Thursday, June 17, 2010

Trust No One?

Oasis Reflection: On Trust During Troubled Times

David: Why do people do such terrible things?
Sophie: Like what?
David: Like beat people, and kill them, and make them prisoners.
Sophie: Most people don’t do that, David.
David: My friend Johannes always used to tell me, "Trust no one."
Sophie: Oh, life wouldn’t be worth living if you did that, David. You can be cautious, but you have to let people in.
David: How do you know if they’re bad or not?
Sophie: David, most people are good. They have families and friends, and they just want to live their lives as happily as they can. Oh there will always be bad people in this world and you will usually know them when you meet them, but sometimes you won’t. But you can’t let that stop you from living your life fully and freely.
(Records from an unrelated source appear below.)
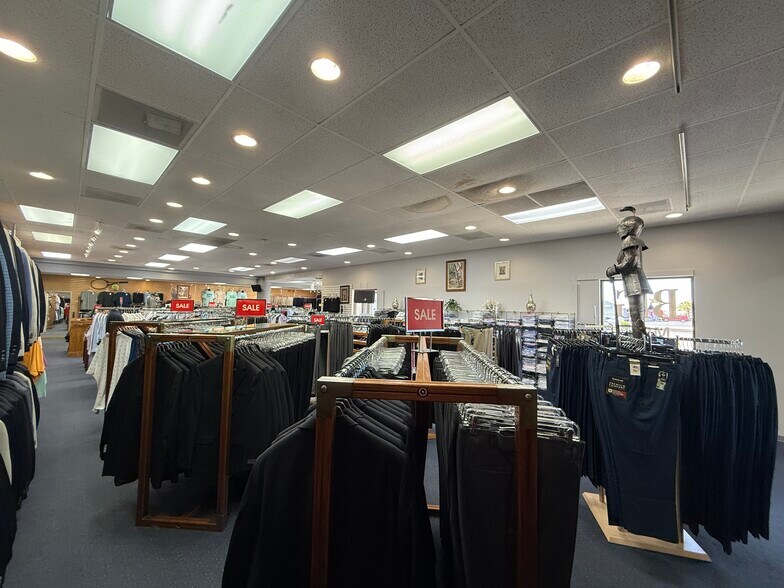 More Photos Of 4333 S Tamiami Trl, Sarasota Unknown For Lease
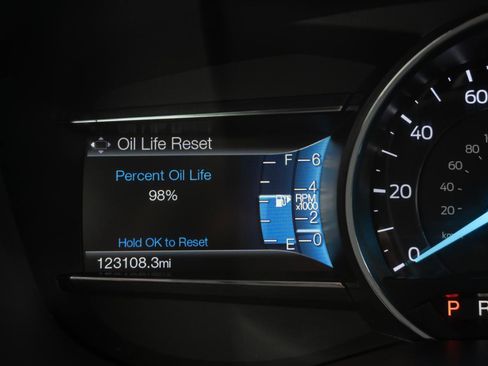 Used 2016 Ford Explorer XLT w/ Equipment Group 202A image 27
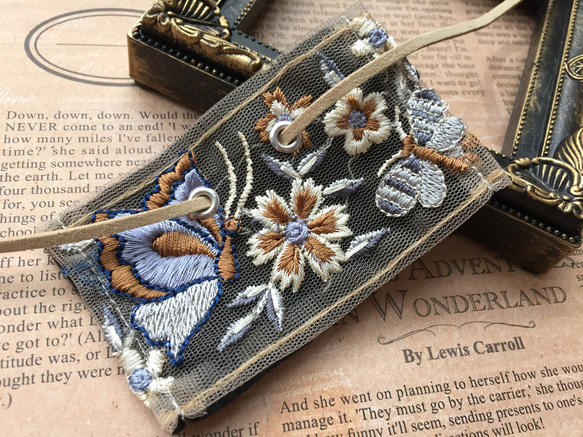【再販】インド刺繍 リボン ポニーフック ラップリボン リボンラップ 蝶々柄 1枚目の画像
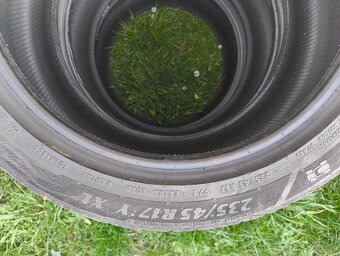 235/45 R17 letné - 4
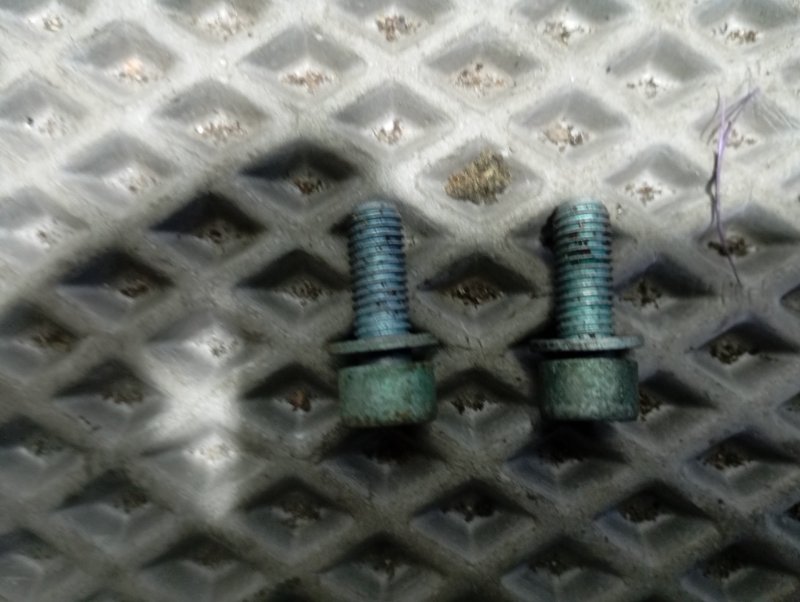 Болты развальные подвески Audi A4 2002 B6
And making friends and seeing the goodness in people because if you can’t do that you will never find any happiness.

Do you ever wonder how you can trust again after a difficult experience? I admit that I struggle with this one. Sometimes I think I'm a bit like the 12 year old David in the quote above. He was taken by himself to a Bulgarian concentration camp when he was young because of his family's political beliefs. Growing up away from his family in a lackluster environment surrounded by guards who are quick to administer punishment changes the way he interacts with people. He forgets how to smile. When unexpectedly he is given a chance to escape, he sets off on a journey across Europe to Denmark carrying important secret papers which later turn out to be his personal identification and the information needed to reunite him with his mother.
The story is compelling, but it is his interaction with Sophie, the Swiss woman who helps him to get in touch with his mother that is the most moving. She is played by Joan Plowright, a favorite English actress who plays a similar role, Mary who takes care of Luca Innocenti, in Tea with Mussolini. Both Sophie and Mary are exactly the kind of people I admire. In both of these roles, we meet creative, self-sufficient yet engaged with others woman; these women are not afraid to reach out when help is needed. Admittedly, I like Joan Plowright best in Enchanted April, where she plays Mrs. Fisher, a woman whose feelings have contracted so much that she has lost the ability to feel compassion for others, but then her time in Italy thaws the her heart and she realizes the importance of yielding to creative impulses and allowing connection with others. (photos from Facebook fan page)

Why am I pulled toward this type of character? I think I have to continually learn the trust lesson. I imagine myself sitting down and discussing life over a cup of Earl Grey tea with a wise woman like Sophie. If I let my imagination go further, I can envision that I might be a woman like Sophie in the future...and maybe a little now. However, at the moment, I'm feeling more like David-cut off and fighting with my own emotional demons- I'm particularly battling with trust issues.

Perhaps you know that my own mother was murdered by a neighbor. (I have told the story before-just click the link.) I don't know if you realize how perplexing it is to that young person who resides in me -ever an innocenti- who cannot comprehend how someone familiar and well-known-a lifelong neighbor- could do something so drastically cruel.

You read about people- this past weekend in Puerto Rico, for example- who kill their own spouse or family, and then turn the gun back on themselves. It seems like such a foreign experience. You never think you will have to confront that type of situation with anyone you personally know.
I have never been able to connect the act of murder with the known person who was my neighbor.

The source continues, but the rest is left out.